Epifluorescence microscopy of spread monolayers of PSLE
Epifluorescence microscopy and surface pressure (
)-area
measurements of solvent-spread monolayers of PSLE were performed on a
surface balance whose construction and operation have been described
previously (Nag et al., 1990
, 1991
). Monolayers of PSLE were spread
from chloroform/methanol 3:1 (v/v) onto a buffered saline subphase (145 mM NaCl, 5 mM Tris, pH 6.9) containing 0, 0.13, or 0.16 µg/ml SP-A or
0.16 µg/ml TR-SP-A. All experiments were performed at 21 ± 2°C in the absence or presence of 1.64 or 5 mM
Ca2+ in the subphase. The monolayer was initially
compressed to a surface pressure of 10 mN/m, then expanded to the
initial spreading pressure (~0 mN/m) and allowed to stand for 1 h. By initially compressing the monolayer, the transition of the lipids
to gel phase is initiated and it has been suggested that the creation of fluid/gel phase boundaries may be needed to initiate the interaction of SP-A with the monolayer (Ruano et al., 1998
). To obtain
pressure-area isotherms for the purpose of comparisons between these
and previously studied systems, monolayers were compressed at a rate of
4 Å2/molecule/s in 30 increments. For the
purpose of visualization of monolayer surface, pressure-area isotherms
were obtained by compressing monolayers at a rate of 0.0089 Å2/molecule/s in 30 increments.

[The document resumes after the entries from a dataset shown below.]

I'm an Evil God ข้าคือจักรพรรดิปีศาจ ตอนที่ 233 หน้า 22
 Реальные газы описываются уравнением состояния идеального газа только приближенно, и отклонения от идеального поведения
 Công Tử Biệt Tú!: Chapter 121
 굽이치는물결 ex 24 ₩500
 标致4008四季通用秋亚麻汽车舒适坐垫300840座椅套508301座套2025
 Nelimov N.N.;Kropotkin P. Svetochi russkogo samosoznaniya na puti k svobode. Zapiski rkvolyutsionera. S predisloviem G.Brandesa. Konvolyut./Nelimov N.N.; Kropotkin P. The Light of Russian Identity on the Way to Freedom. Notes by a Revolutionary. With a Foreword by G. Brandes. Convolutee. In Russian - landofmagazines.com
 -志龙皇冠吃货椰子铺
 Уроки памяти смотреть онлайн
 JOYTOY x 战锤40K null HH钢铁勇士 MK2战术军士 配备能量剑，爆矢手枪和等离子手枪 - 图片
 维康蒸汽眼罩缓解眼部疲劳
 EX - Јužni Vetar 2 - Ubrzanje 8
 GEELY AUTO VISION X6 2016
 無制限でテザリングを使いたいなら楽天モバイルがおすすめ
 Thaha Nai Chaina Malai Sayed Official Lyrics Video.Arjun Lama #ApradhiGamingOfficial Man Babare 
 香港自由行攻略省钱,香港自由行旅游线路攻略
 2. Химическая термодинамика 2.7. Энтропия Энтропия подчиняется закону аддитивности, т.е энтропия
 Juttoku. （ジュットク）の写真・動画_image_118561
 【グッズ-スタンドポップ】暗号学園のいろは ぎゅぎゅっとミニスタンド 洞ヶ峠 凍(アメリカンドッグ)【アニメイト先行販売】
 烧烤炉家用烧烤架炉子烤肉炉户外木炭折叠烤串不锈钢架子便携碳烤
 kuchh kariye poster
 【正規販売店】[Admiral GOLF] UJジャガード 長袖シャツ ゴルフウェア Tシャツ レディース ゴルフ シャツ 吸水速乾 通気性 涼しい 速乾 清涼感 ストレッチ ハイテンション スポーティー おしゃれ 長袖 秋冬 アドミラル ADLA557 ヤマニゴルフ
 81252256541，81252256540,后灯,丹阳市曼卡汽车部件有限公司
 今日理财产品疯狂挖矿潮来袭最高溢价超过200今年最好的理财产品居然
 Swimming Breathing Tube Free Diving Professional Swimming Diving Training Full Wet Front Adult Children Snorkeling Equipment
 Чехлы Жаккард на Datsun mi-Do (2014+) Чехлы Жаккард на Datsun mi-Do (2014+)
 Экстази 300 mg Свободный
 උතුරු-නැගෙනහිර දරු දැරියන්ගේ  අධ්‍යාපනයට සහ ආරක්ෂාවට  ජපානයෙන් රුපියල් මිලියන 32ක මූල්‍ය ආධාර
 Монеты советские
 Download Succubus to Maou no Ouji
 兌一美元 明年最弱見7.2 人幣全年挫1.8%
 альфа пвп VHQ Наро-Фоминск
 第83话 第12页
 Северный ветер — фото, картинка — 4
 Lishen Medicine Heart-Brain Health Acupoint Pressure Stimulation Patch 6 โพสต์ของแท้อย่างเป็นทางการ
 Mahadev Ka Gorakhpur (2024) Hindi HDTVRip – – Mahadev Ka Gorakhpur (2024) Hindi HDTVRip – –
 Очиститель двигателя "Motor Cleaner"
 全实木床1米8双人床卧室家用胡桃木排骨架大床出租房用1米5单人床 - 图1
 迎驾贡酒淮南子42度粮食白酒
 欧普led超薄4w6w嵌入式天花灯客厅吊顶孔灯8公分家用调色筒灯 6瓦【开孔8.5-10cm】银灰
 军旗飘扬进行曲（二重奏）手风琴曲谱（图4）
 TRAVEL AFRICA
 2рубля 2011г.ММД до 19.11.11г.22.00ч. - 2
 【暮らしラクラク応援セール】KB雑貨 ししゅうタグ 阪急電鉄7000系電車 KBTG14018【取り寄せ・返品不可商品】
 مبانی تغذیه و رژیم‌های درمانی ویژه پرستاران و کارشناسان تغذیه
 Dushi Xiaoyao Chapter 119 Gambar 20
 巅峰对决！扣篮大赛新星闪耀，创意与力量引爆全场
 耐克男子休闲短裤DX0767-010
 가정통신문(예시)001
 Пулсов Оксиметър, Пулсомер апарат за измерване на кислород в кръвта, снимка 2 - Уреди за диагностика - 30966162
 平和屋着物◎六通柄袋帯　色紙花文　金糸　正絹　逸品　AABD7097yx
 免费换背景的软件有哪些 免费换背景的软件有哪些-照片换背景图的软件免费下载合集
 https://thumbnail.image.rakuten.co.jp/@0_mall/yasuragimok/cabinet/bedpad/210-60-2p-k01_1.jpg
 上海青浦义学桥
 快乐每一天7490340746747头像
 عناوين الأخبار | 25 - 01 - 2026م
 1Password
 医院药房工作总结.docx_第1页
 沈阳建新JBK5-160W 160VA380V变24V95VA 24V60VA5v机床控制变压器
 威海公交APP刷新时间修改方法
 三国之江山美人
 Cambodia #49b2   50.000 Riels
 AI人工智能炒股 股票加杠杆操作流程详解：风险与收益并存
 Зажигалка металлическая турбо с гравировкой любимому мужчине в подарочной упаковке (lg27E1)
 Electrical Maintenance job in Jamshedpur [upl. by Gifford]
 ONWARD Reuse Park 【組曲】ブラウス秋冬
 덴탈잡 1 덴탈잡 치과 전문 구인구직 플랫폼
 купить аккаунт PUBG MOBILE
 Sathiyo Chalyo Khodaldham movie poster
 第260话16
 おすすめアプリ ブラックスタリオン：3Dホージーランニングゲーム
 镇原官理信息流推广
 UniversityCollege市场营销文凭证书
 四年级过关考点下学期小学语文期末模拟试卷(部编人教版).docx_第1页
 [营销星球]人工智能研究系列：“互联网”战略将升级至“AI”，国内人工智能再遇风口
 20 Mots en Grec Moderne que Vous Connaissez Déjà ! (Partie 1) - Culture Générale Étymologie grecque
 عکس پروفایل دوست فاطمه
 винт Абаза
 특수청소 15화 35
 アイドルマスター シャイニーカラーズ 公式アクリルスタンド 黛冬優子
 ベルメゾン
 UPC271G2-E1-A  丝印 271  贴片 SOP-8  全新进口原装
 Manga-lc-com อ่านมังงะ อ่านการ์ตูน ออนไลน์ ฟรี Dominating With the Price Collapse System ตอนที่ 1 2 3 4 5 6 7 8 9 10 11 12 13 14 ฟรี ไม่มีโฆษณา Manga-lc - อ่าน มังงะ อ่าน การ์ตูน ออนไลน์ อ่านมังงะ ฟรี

These rates are
calculated from the total time required for full compression of the
film, which includes periodic compression followed by short periods of
no compression, during which visual images of the monolayer are
acquired. Monolayer surface features were observed through a 40×
objective lens, and images were videorecorded for 1 min after each
incremental compression. By switching light filters, NBD fluorescence
and TR fluorescence observation could be alternated. Image analysis was
performed using JAVA 1.3 software (Jandel Scientific, Corte Madera,
CA). Ten images were randomly selected from the videotape for each
related pressure, and they were digitized. The number and size of dark
domains for each image was determined from a set area of interest
(AOI). The AOI encompassed ~80% of the television screen size and
was held constant for each analysis. The percentage of the monolayer
region that excluded the probe in the images (percent dark) was
calculated. This methodology has been used previously to observe lipid
monolayers and has been discussed in detail elsewhere (Nag and Keough,
1993
; Nag et al., 1991
).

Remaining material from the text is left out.